PPAPs Database Structure

The database is structured as follows:

allData = [genericStructure1, genericStructure2, ...]

genericStructure = [description, compound1, compound2, ...]

description = ['filename', 'characteristic1', 'characteristic2', ...]

compound = [R_X_Groups, name, 'source', 'rotation', refs]

R_X_Groups = empty string (if only one compound for this generic structure)
or 'name of R' (if only one R group in this generic structure)
or ['name of R']
or ['name of R1', 'name of R2', ...]
array perhaps appended with 'X = name of X' (if only one X group in this generic structure)
or 'X<sup>1</sup> = name of X1', 'X<sup>2</sup> = name of X2', ...
array perhaps appended with '(diastereomer)' or '(enantiomer)' or '(prob. enantiomer)'

name = 'name'
or ['name', 'footnote letter(s)']
or ['name', 'footnote letter(s)', 'additional text']

refs = 'author'
or ['author year', 'URL']
or [['author year 1', 'URL1'], ['author year 2', 'URL2'], ...]
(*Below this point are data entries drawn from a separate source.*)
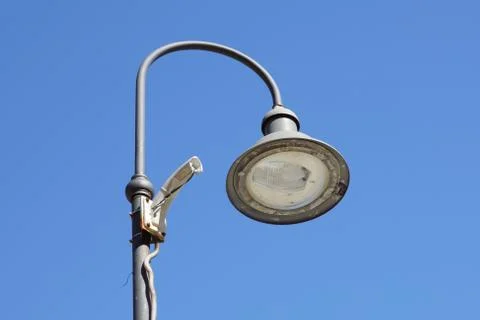 Support for broken security camera on light pole Stock Photos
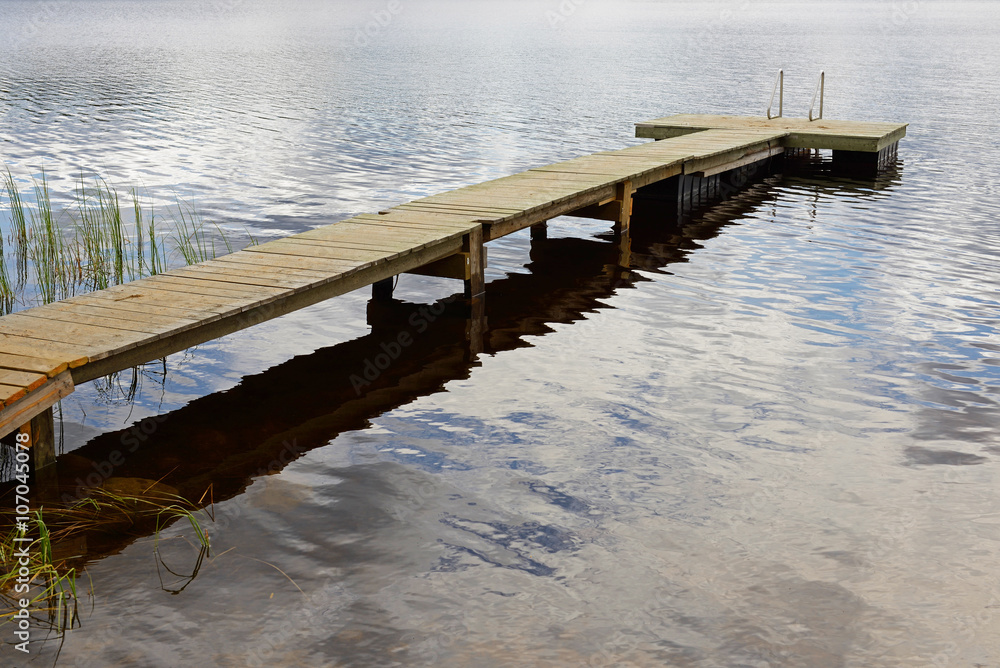 Fototapeta premium Footbridge among clouds. Reflection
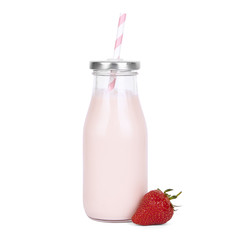 Drinks and milk shakes - a strawberry milkshake in a vintage glass bottle with straw isolated on a white background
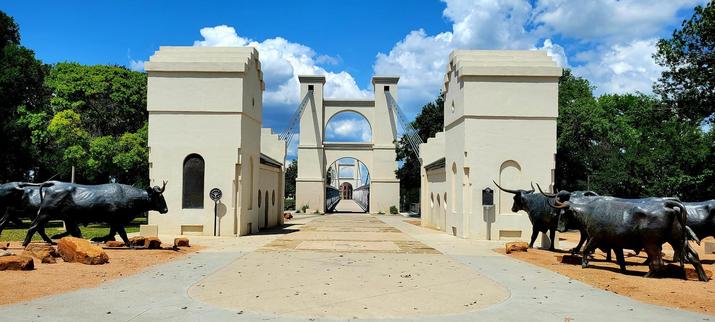 Wide view of the beige towers at the entrance to a suspension bridge with green trees behind the towers and sculptures of cattle rushing to enter the bridge. Blue skies with some white clouds above the bridge.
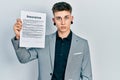 Young caucasian boy with ears dilation holding insurance document thinking attitude and sober expression looking self confident Royalty Free Stock Photo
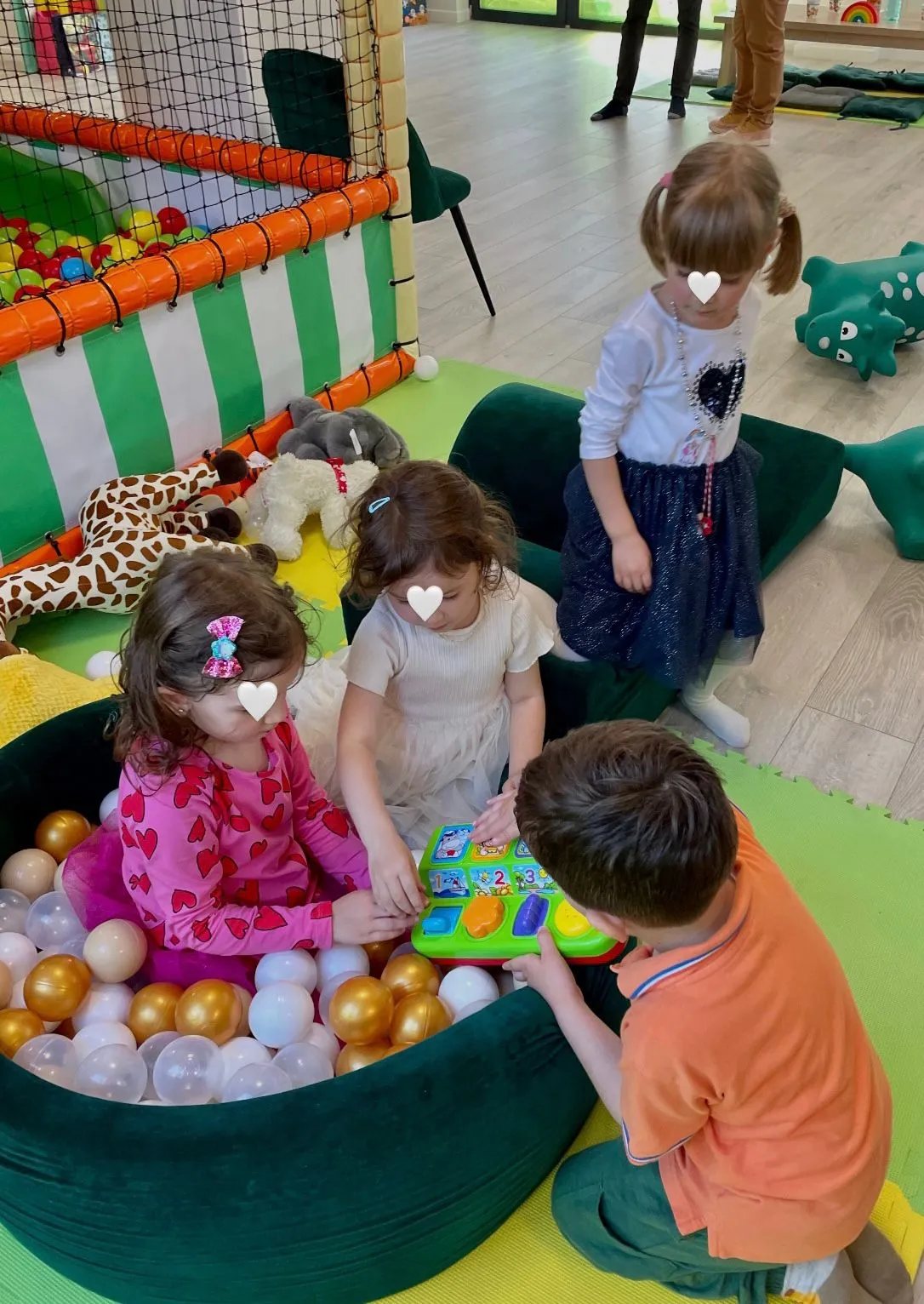 Patru copii jucandu-se in piscina de bile colorate, in timpul unei petreceri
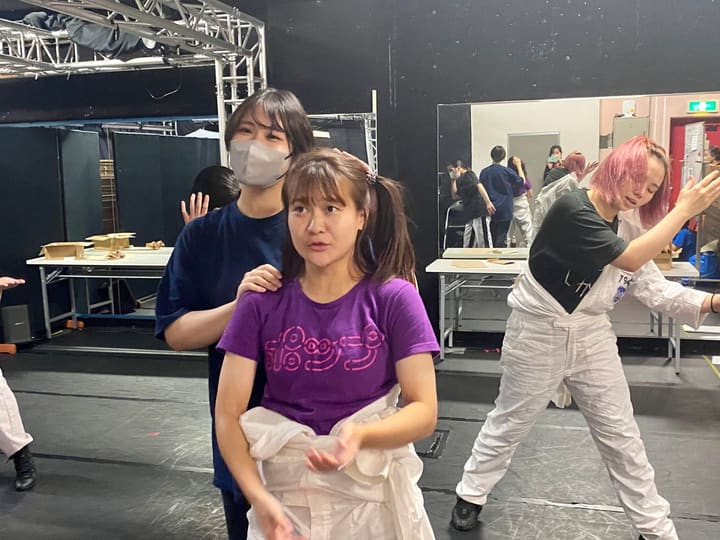 白い衣裳をまとい、髪を直してもらいながら振りを確認する出演者｜劇団カスタリア 衣裳パレード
The data consist of an array of generic structures. Each individual generic structure is itself represented by an array of at least two members: the first member is a description of the generic structure, and subsequent members describe individual compounds that match that generic structure.

The description of the generic structure is itself an array. Its first member is the name of the .png file that contains an image representing that generic structure, and subsequent members describe structural characteristics of that generic structure. Every generic structure is described by at least one of the first five values in the list below. Structural characteristics recognized in the database:

ValueDescription
bicyclononanesbicyclo[3.3.1]nonanes and their further cyclized and seco derivatives
bicyclooctanesbicyclo[3.2.1]octanes
fourPlusTwobicyclo[2.2.2]octanes produced by a formal [4 + 2] cycloaddition
otherBridgedBicyclesbridged bicyclic compounds not included above
spiroindanes
spiropentalanes
otherSpiro
exocompounds with an exo substituent at C7
endocompounds with an endo substituent at C7
noC7compounds with no substituent at C7
noC3compounds with no substituent at C3
OC3compounds with an acyloxy substituent at C3
Atype A PPAPs (with an acyl group at C1)
Btype B PPAPs (with an acyl group at C3)
uncagedPPAPs that have not undergone further cyclization to adamantanes or homoadamantanes
cagedPPAPs that have undergone further cyclization to adamantanes or homoadamantanes
secoPPAPs with skeletal C–C bonds cleaved

As was already mentioned, subsequent members of each generic structure array describe individual compounds that match that generic structure. Each one of these descriptions is itself an array consisting of five members.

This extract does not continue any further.